Volkswagen Enters Sri Lanka With Made-in-India Taigun And Virtus

Skoda Auto Volkswagen India (SAVWIPL) on 29 May launched the Volkswagen brand in Sri Lanka through local distributor Continental Cars and Commercials Ltd, kicking off operations with the Taigun SUV and Virtus sedan. Both cars are built at the Chakan plant in Pune and shipped from India under SAVWIPL's export-led regional strategy.
What was announced
Skoda Auto Volkswagen India Pvt Ltd announced the formal entry of the Volkswagen passenger car brand into Sri Lanka on Friday, 29 May 2026. The rollout is handled by local partner Continental Cars and Commercials Ltd, which will manage retail and after-sales. Both launch models, the Taigun mid-size SUV and the Virtus sedan, are manufactured at SAVWIPL's Chakan facility near Pune and exported from India.
SAVWIPL is now using India as the export hub for a full Volkswagen brand rollout, not just shipping cars in ones and twos.
As part of the launch, a 3S (sales, service and spares) dealership has been opened in Sri Jayewardenepura Kotte, on the outskirts of Colombo. SAVWIPL says the workshop is equipped with more than 20 service bays to handle both Taigun and Virtus customers from day one.
Piyush Arora, MD and CEO of SAVWIPL, said in the announcement: "With our partner Continental Cars and Commercials Ltd, we are proud to introduce Volkswagen in Sri Lanka, beginning with the Taigun SUV and Virtus sedan." The company has not disclosed Sri Lankan pricing or volume targets in the official statement, but confirmed that both cars are part of its India-led export programme that already ships Volkswagen and Skoda models to markets across the Middle East, ASEAN and now South Asia.
| Item | Detail |
|---|---|
| Launch date | 29 May 2026 |
| Models | Taigun SUV, Virtus sedan |
| Built at | Chakan plant, Pune |
| Local partner | Continental Cars and Commercials Ltd |
| Dealership | 3S facility, Sri Jayewardenepura Kotte, 20+ bays |
The Car Jury verdict
This is a quiet but meaningful win for Chakan.
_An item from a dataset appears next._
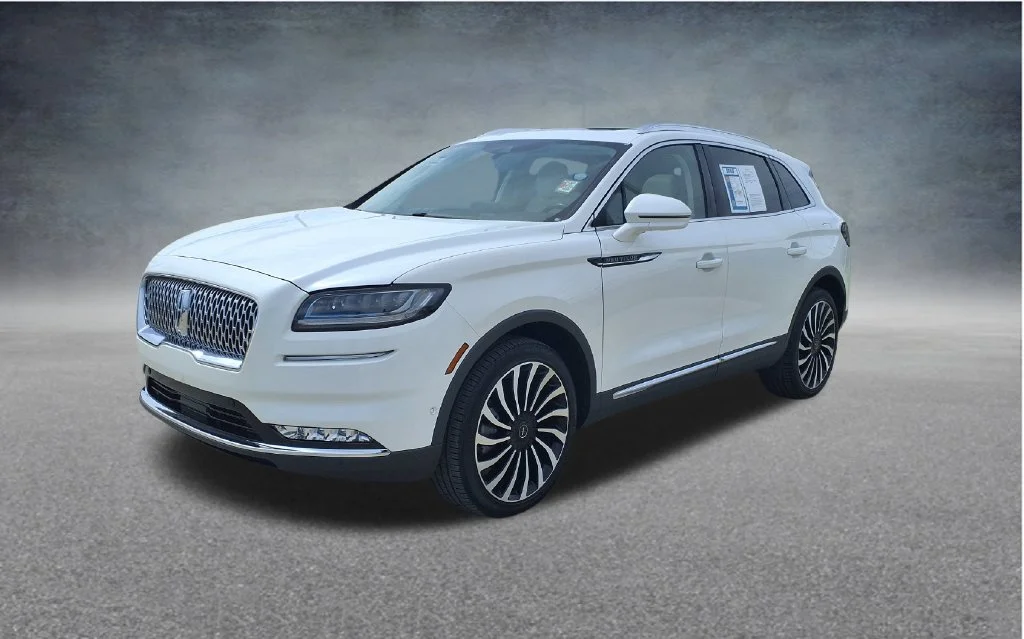 Used 2023 White Lincoln Black Label image 3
Sri Lanka is a small market, but SAVWIPL is now using India as the export hub for a full Volkswagen brand rollout, not just shipping cars in ones and twos. The Taigun and Virtus are the right openers: both are TCJ BUY-rated cars, both run the proven 1.0 and 1.5 TSI petrols, and both have the build quality Indian buyers in the segment quietly envy.
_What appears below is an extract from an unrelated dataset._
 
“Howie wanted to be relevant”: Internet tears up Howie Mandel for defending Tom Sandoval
The catch, as Rachit Hirani of MotorOctane has noted about the Taigun's feature set, is that some kit Volkswagen offers elsewhere is still not on these cars. A 3S facility with 20-plus bays near Colombo is a serious commitment, though. For Pune, this is validation; for buyers here, it is a reminder that the India-built Volkswagens are good enough to anchor a country launch.